Yes, but it's a deep navel.
Salon.com Technology | The new blogocracy
Cheerblogger Danah Boyd goes long with a piece in Salon (reg required, sorry):
If only they were at all highly critical and questioning re: themselves rather than everyone else, you might get some agreement about this from me. But given that the convention blogging I've seen so far has shaken out pretty much exactly as I suspected, I call bullshit on this.
I expected that the better-known political bloggers - Atrios, Josh Marshall, Kos - would have interesting things to say. The rest haven't done much of anything (Did you know that the press gets advance copies of speeches? The convention is boring! Look, there's Tom Brokaw!
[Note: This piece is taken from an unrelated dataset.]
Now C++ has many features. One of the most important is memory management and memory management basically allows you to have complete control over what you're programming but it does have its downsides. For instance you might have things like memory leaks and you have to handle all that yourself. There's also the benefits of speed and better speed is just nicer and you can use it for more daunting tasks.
You had to go to Boston to figure this out?) and already are making excuses for the utter banality of their "coverage". If this is citizens' media, I'll take the elites' offering, thanks.
Comments
Of for God's sake...
Over two decades, Theodore White wrote some excellent rundowns of life at the conventions. His "Making of the President" books for 1960 and 1964 were gripping accounts. The story of Goldwater running roughshod over his party while its moderates tried in vain to beat him back is some of the best political writing I've ever enjoyed. The drama is there. These clowns just don't know how to find it, and don't have the real credentials to get anywhere near it.
They can rationalize that to doomsday, but why they expect they'll be any better at hobby blogging the convention than a political reporter would be at their day jobs is beyond me. The most they're going to manage is a Thompsonian "crazed outsider" schtick that'll be tired before their first use of the words "strange and terrible."
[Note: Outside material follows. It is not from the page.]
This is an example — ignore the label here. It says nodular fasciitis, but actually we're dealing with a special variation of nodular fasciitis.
I'm calling bullshit, too. What a bunch of arrogant twits.
Josh Marshall nailed it. [1]
And, I suppose, I should point out, here's a real reporter using the blog format, in case someone wants to take exception to my dismissal of Dave Winer's value in the context of the convention[2]: You don't have to follow b!X for long to realize he's living a reporter's life, doing the hard work of getting to meetings and talking to people and slowly accreting the sort of contacts and memory a good reporter needs. If that's citizen's media, I want more.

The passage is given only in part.